*** Opening of Provided records ***

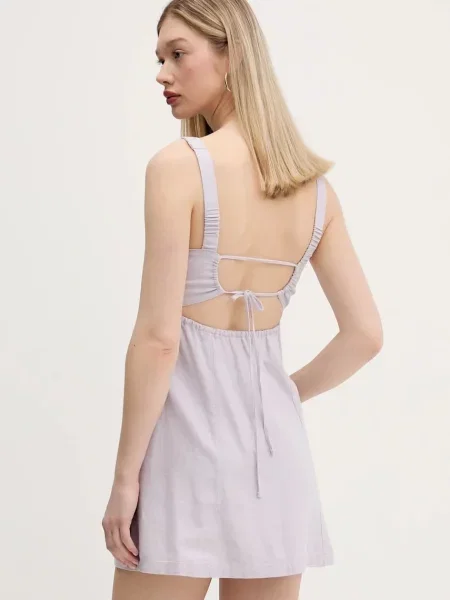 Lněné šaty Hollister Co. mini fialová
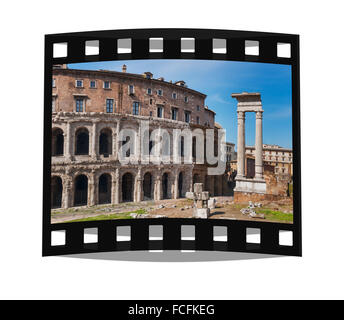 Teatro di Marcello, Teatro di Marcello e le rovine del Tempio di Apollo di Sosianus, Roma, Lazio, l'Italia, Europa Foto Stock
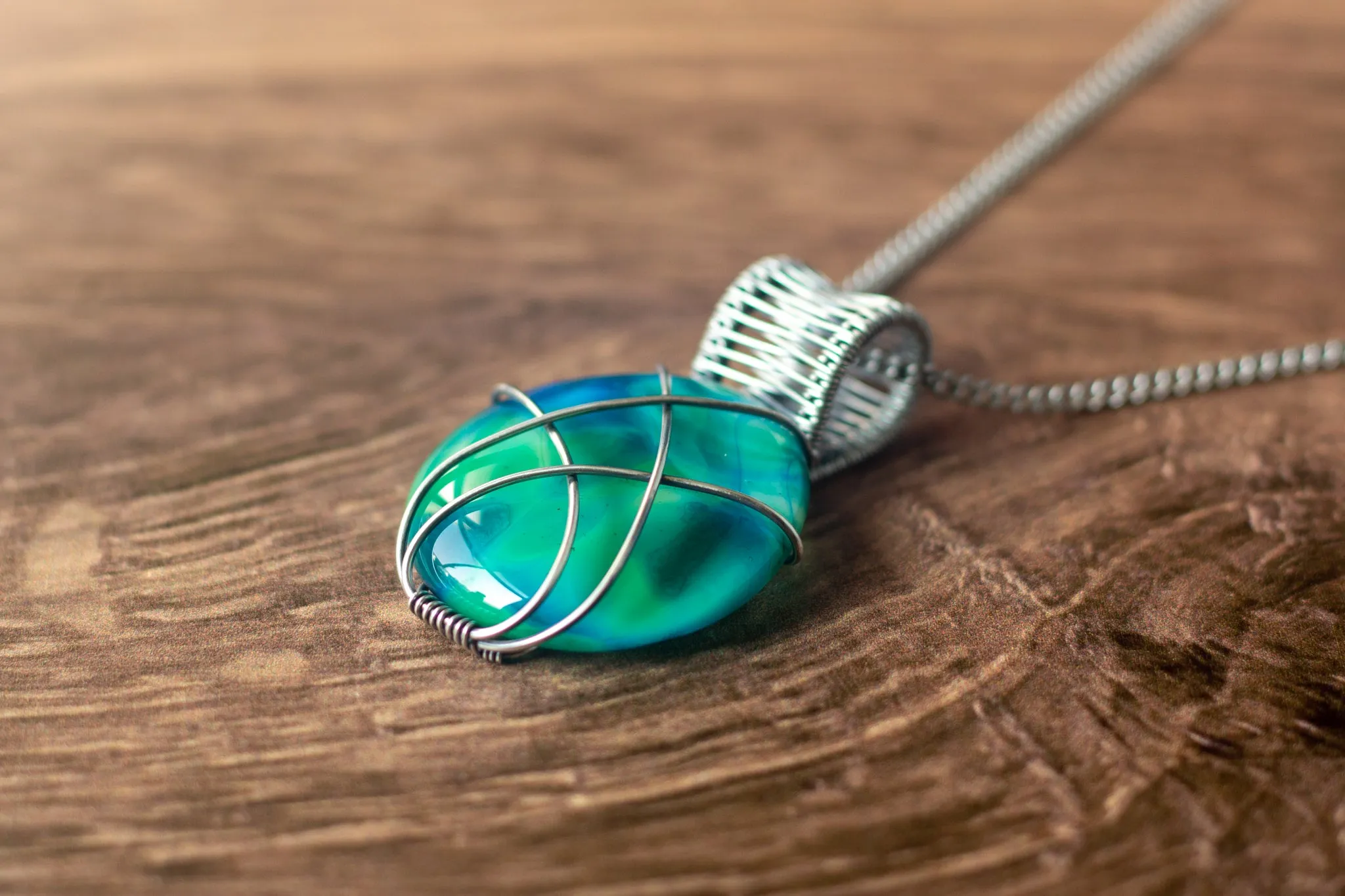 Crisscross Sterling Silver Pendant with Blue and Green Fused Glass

*** Close of Provided records ***
*** Opening of Provided records ***

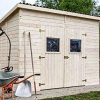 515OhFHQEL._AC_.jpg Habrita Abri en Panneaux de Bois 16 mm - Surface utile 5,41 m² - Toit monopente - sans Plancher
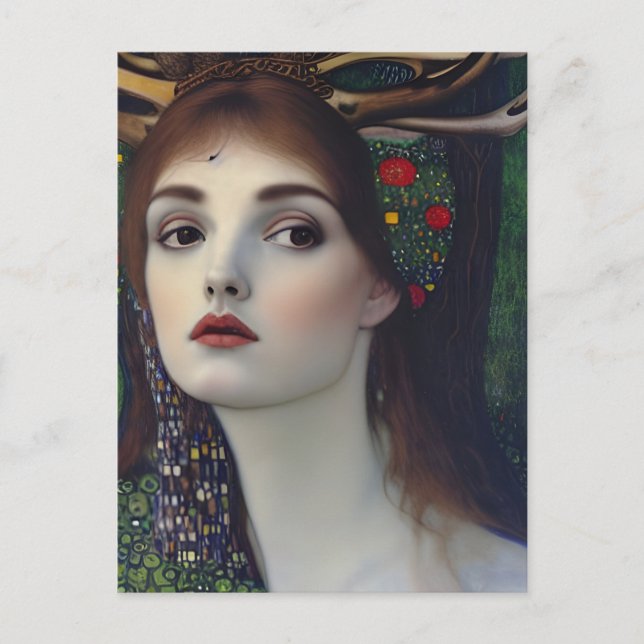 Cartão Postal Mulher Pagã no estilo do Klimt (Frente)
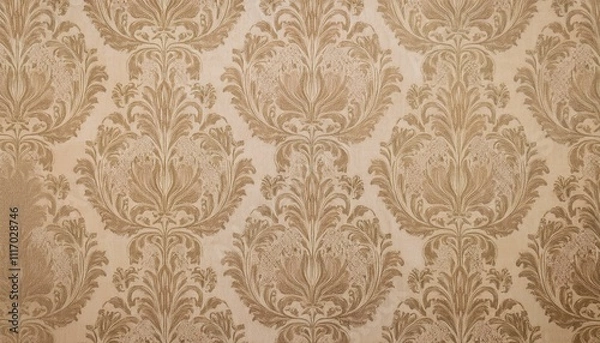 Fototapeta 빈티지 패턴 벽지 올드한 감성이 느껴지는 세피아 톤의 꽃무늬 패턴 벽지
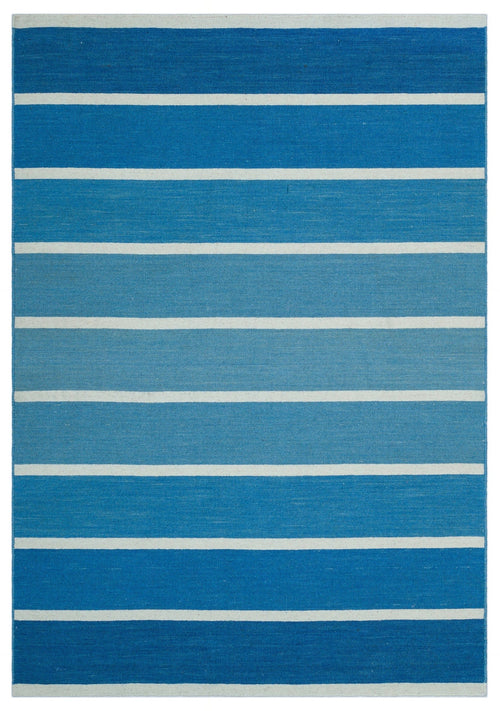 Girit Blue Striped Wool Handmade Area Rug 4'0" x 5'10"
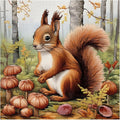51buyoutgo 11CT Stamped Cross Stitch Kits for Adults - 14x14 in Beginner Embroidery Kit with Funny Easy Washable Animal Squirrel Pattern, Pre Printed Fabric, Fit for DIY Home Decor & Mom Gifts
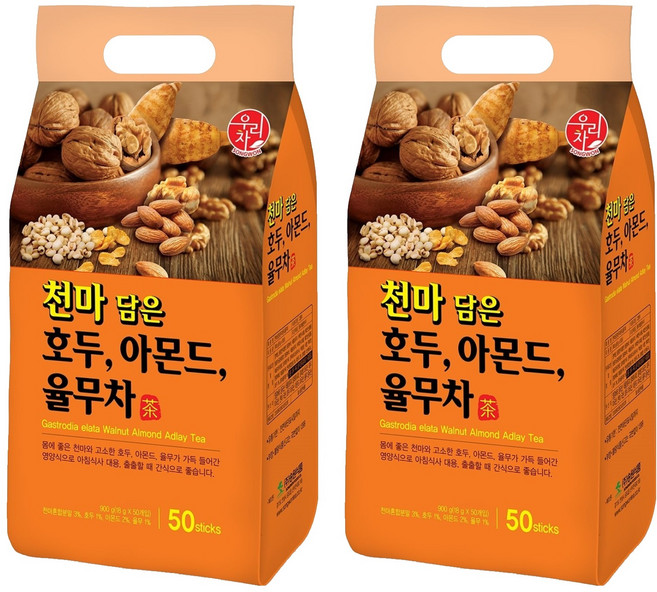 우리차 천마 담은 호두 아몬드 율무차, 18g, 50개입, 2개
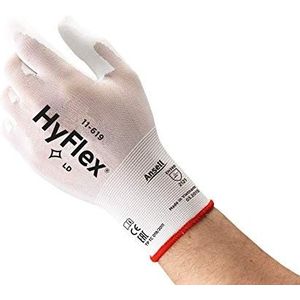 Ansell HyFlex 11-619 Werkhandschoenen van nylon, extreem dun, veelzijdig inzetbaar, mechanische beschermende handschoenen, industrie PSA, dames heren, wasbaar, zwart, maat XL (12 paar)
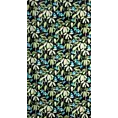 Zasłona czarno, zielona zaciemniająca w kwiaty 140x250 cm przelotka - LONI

*** Close of Provided records ***

The reply should hold exactly the lines above, starting at the line with "Cartão Postal Mulher" and ending at the line with "Girit Blue Striped", and no pictures.

▶ Solution
 Cartão Postal Mulher Pagã no estilo do Klimt (Frente)
 Fototapeta 빈티지 패턴 벽지 올드한 감성이 느껴지는 세피아 톤의 꽃무늬 패턴 벽지
 Girit Blue Striped Wool Handmade Area Rug 4'0" x 5'10"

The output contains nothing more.